Gogol drew himself up, looked down his nose and put on a different face, the face of a fastidious, self-important waiter, and they all laughed. Then he acted out the role, while his audience went on laughing.

–You say hairs in the food, my dear sir? What sort of hairs could there be, my dear sir? From where could there come any hairs? No, my dear sir, nothing of the sort, no hairs of any sort, my dear sir.

They called for the waiter. He approached the table, wearing the same face that Gogol had just put on. They laughed. They complained of the hairs in the food, and that’s when the waiter, Gogol’s involuntary straight man, proceeded to say exactly what Gogol had just said, using the same expressions and the same tone of voice. Everyone at the table roared with laughter, and that laughter was better for their insides than the best chicken croquettes could ever have been.

On another occasion, out on the street with Aksakov, Gogol stopped to buy some pryaniki (spice biscuits). Approaching the biscuit huckster, an old lady in a kerchief, wearing the usual sour face of the marketplace, Gogol went into his act.

–When were these biscuits baked?

–Just this morning, sir. Fresh as the daisies that bloom in spring.

–But it’s not spring now. It’s winter.

–It is, sir, indeed winter.

–And these look like pretty wintry biscuits to me.

No reply. Gogol screwed up his face, and the audience of one, Aksakov, smiled. Then Gogol went on.

–Let me have a look.

Contorting his mouth into a sideways grimace, Gogol picked up a pryanik and said “Ugh.” Then he said it again: “Ugh.” He put down the biscuit and wiped his hands on his trousers. He adopted an accusatory tone of voice.

–No, young lady, what you’re selling is not biscuits. What you’re selling is soap.

The appreciative audience of one began laughing.

–How do you mean, ‘soap,’ my dear sir (asked the straight woman huckster)?

–Soap, soap, indeed soap you’re selling, and nothing else on earth but soap.

–No, sir, these are fine pryaniki, baked only this morning, and you see—

Gogol interrupted, continuing on with the same stern tone of voice.

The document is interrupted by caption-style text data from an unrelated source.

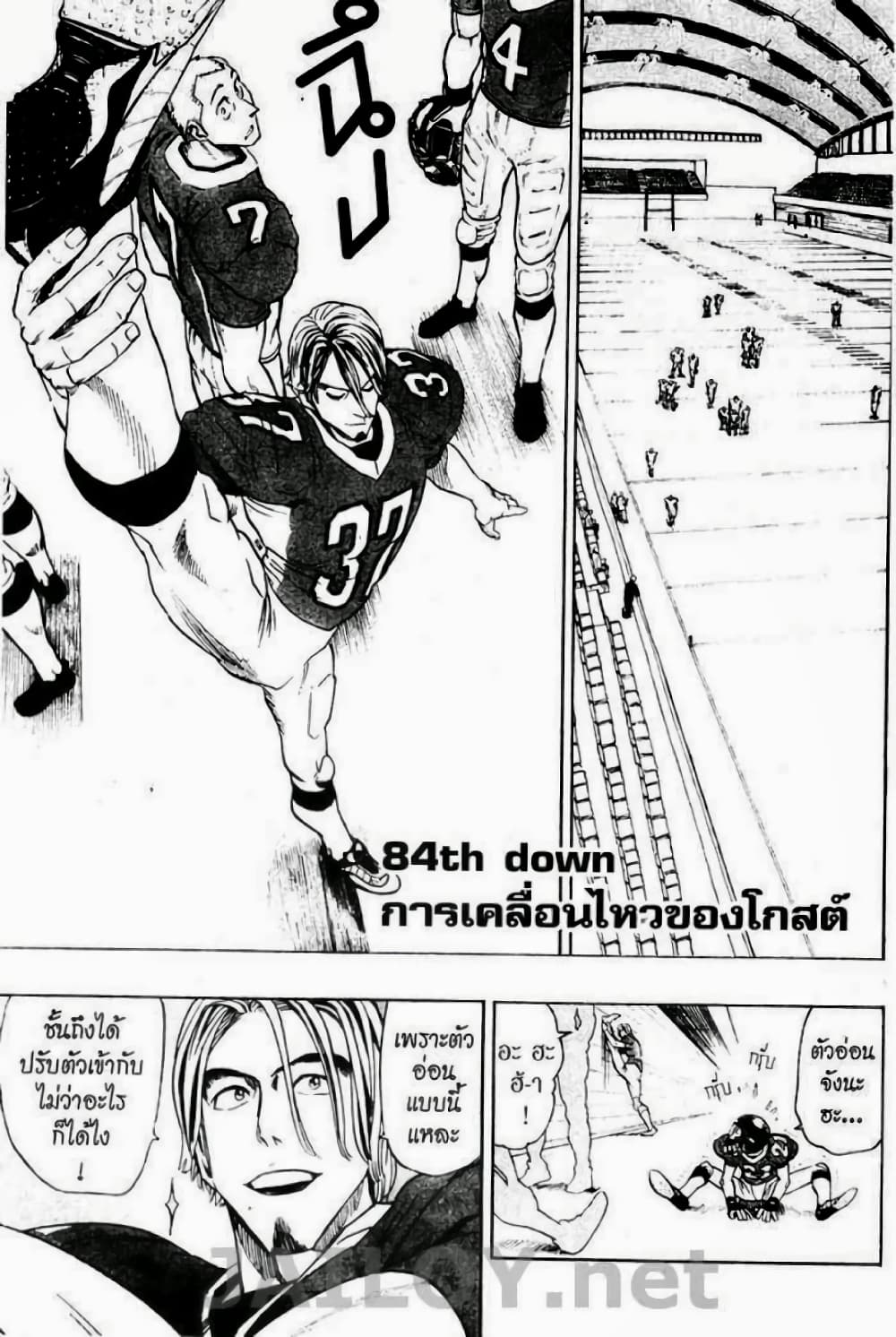 Eyeshield 21 84-84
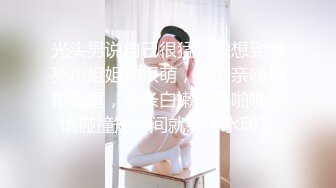 七夕情人换换炮 双姐妹同床共震-沈娜娜 楚梦舒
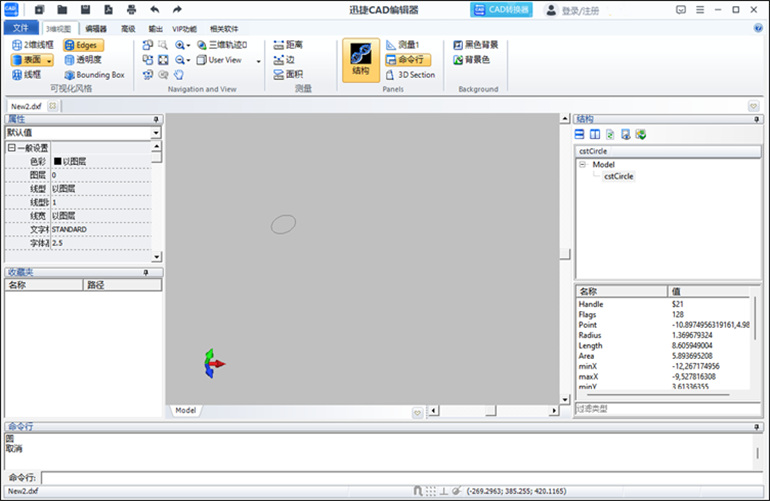 CAD三維建模操作步驟2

–No no no. Don’t try to tell me otherwise, young lady. What we have here is soap, soap soap, and not the best quality soap at that. How dare you sell soap and sponge it off on people as spice biscuits? I have known innocent people who’ve bought your soap, yes indeed. Some of them are my dear friends, and I have seen the soap bubbles on their lips, as they choke and gasp, young lady!


And so on.



There is a famous story, told by all Gogol’s biographers, about his obsession with food. In March, 1839, Pogodin and his wife arrived in Rome for a visit and Gogol proudly showed them the sights of his beloved city. At two p.m. he took them to a restaurant near the Piazza di Spagna but refused all food, saying that his stomach troubles were out of hand and he could eat only lightly. Knowing that Gogol dined every evening at the trattoria Falcone, Pogodin and a few others hid out in the back room of that restaurant to spy on him.

“He ordered macaroni, cheese, butter, vinegar, sugar, mustard, ravioli, and broccoli. The waiters went running all over the place, fetching this and that. His face all aglow, Gogol took the dishes from the waiters’ hands and ordered still more. Now before him stood green salads piled high, flagons filled with pale liquids. There was agrodolce, spinach and ricotta ravioli, melezane impanata, pesto chicken wings, zuppe di’ fosou, frittura mista. An enormous plate of spaghetti was set before him, and thick steam arose from it when they removed the lid. Gogol tossed a lump of butter onto the pasta, liberally powdered it with cheese, assumed the pose of a priest about to offer a sacrifice, seized a knife and dug in. That’s when we flung open the door and rushed in, laughing. ‘Ah-ha, so your appetite’s gone and your stomach’s all upset?’”


Food was one of his few extravagances. Gogol lived frugally in Italy, but inevitably he would run low on money. After resigning his teaching position at St. Petersburg University in 1835, he did not have a paying job for the rest of his life. He was a freelance writer, but he never made enough from his published works to support himself, let alone help out his mother and sisters, who were in constant financial straits back in the Ukraine.